I don’t profess to know too much about the so-called “pre-Code era” of Hollywood, though I have a book about it that I mean to read, especially urgent now that the BFI is doing a retrospective of many of these films. What I do know is that for a brief period between the start of the sound era and the enforcement of the Production Code in 1934 (a sort of voluntary self-censorship by the major studios), there was a brief flourishing of films with some rather darker and more adult themes and a view on life that didn’t always reinforce cultural prejudices or end happily for the ‘good guys’.

For Gold Diggers’ part, its place in this era comes not from any kind of boldly proto-feminist message — no surprise given the title, though its female leads are all strong-willed and get what they want, which certainly provides some small corrective — but in its bitterly sardonic take on its Depression-era setting. It’s big-budget escapism, sure, but it doesn’t try to efface just what tolls living in poverty sometimes took (even if the actresses’ shared apartment is rather swanky). The big closing number, “Remember My Forgotten Man”, is rousing and beautifully moving — though narratively, it feels like a quite different film — and shows First World War heroes reduced to beggars and bums. Elsewhere there are hints at prostitution being a option to make ends meet for some of the ‘gold diggers’ we see gathered around Broadway impresario Barney Hopkins, desperate for a part in his new show.
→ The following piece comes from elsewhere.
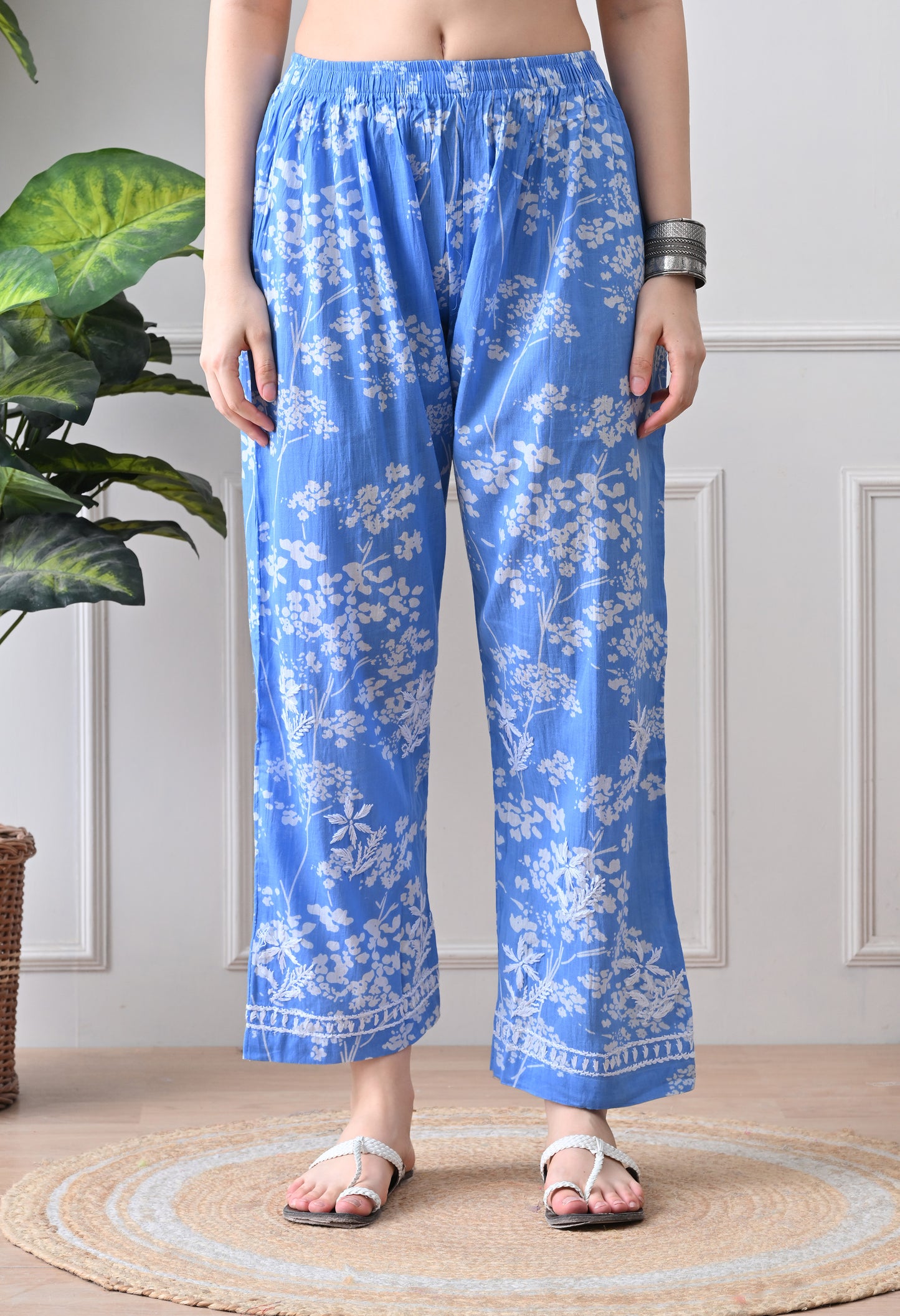 Hand Embroidered Chikankari Mulmul Plazo Set – Floral Blue Delight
Three of those actresses are the leads here, and share an apartment. There’s Polly, the earnest one (Ruby Keeler), Carol the glamorous blonde (Joan Blondell), and Trixie the shrewdly self-interested comic actor (Aline MacMahon). The plot itself follows the putting-on-a-show narrative and throws in some love interests (or ‘gold digging’ interests, as far as Trixie is concerned at least), which all resolve themselves in comically perfunctory manner at the end, as uptight plutocrat Lawrence (Warren William) wrestles fairly snappily with his feelings towards Carol.

What really sets apart the film is of course the Busby Berkeley-choreographed musical numbers. I’ve mentioned the closing number already, while the opener (“We’re in the Money”) kicks things off in grand style, suggesting glamorous escapism from the country’s financial woes with Ginger Rogers singing directly into camera as dancing girls clad in costumes made of gold coins swirl around her, before making it clear the bitter irony when the cops show up midway through to close things down and take away all the costumes due to (what else?) lack of money. Most fascinating is “Pettin’ in the Park”, a weirdly surreal number that depicts a refreshingly broad cross-section of people in the aforesaid park, before introducing a dwarf playing a lecherous baby, and an iron corset-clad Polly having her clothes prised off with a tin opener. By comparison, the other big number (“The Shadow Waltz”) just seems like extra padding, though its chorus line wielding neon-lit violins certainly makes for an arresting image.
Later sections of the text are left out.